RECORDS TO USE:
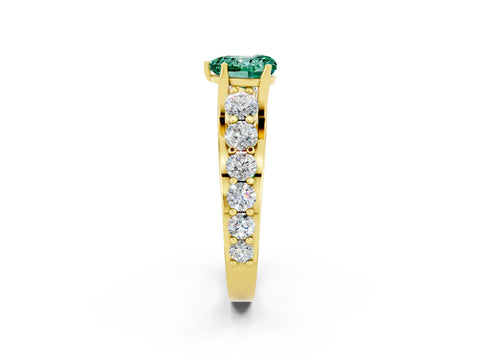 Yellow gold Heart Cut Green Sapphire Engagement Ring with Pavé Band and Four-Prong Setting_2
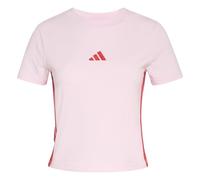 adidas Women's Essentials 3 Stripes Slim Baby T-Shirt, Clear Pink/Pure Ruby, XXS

...

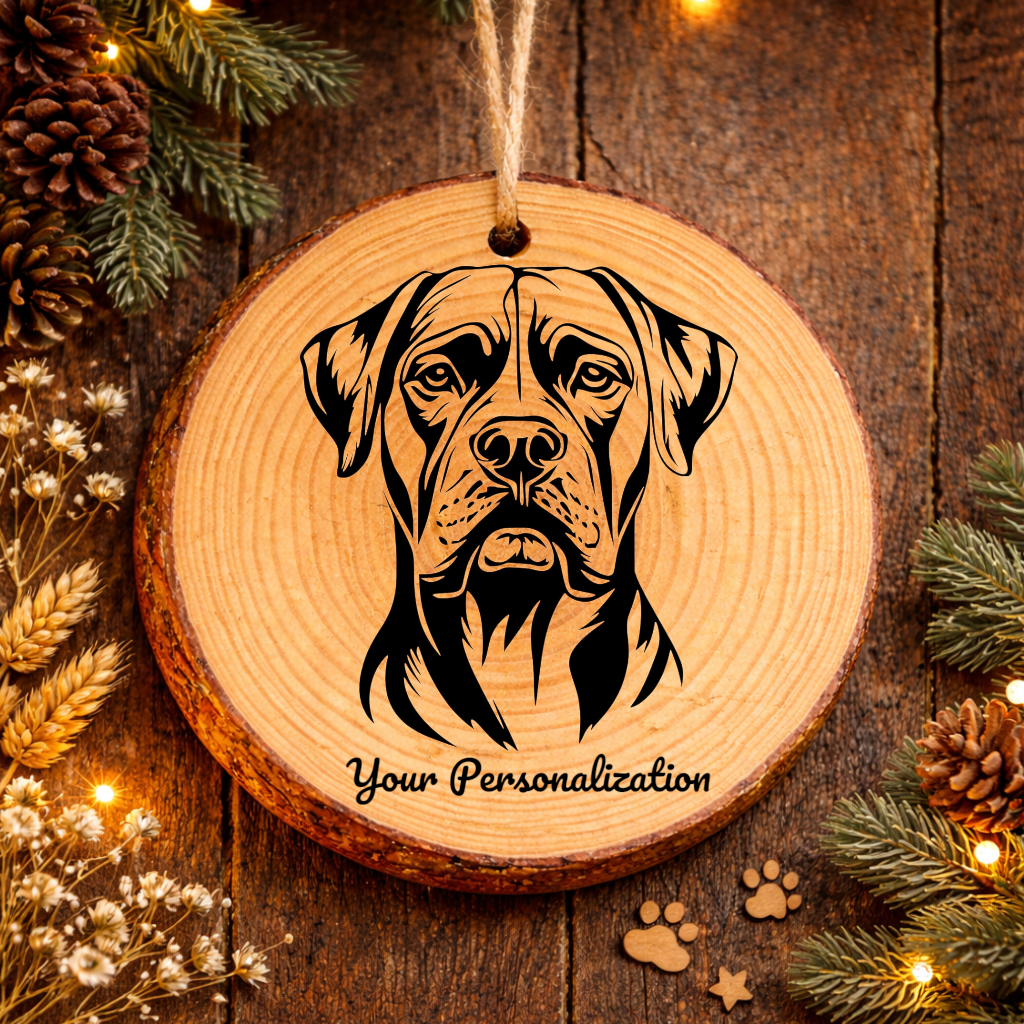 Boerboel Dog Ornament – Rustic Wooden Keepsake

WORK TASK: In the listing above, find the line containing "Yellow gold Heart" and the line containing "adidas Women's Essentials"; print those lines and every line between them exactly, leaving out pictures.

ANSWER TO THIS PROBLEM:
 Yellow gold Heart Cut Green Sapphire Engagement Ring with Pavé Band and Four-Prong Setting_2
 adidas Women's Essentials 3 Stripes Slim Baby T-Shirt, Clear Pink/Pure Ruby, XXS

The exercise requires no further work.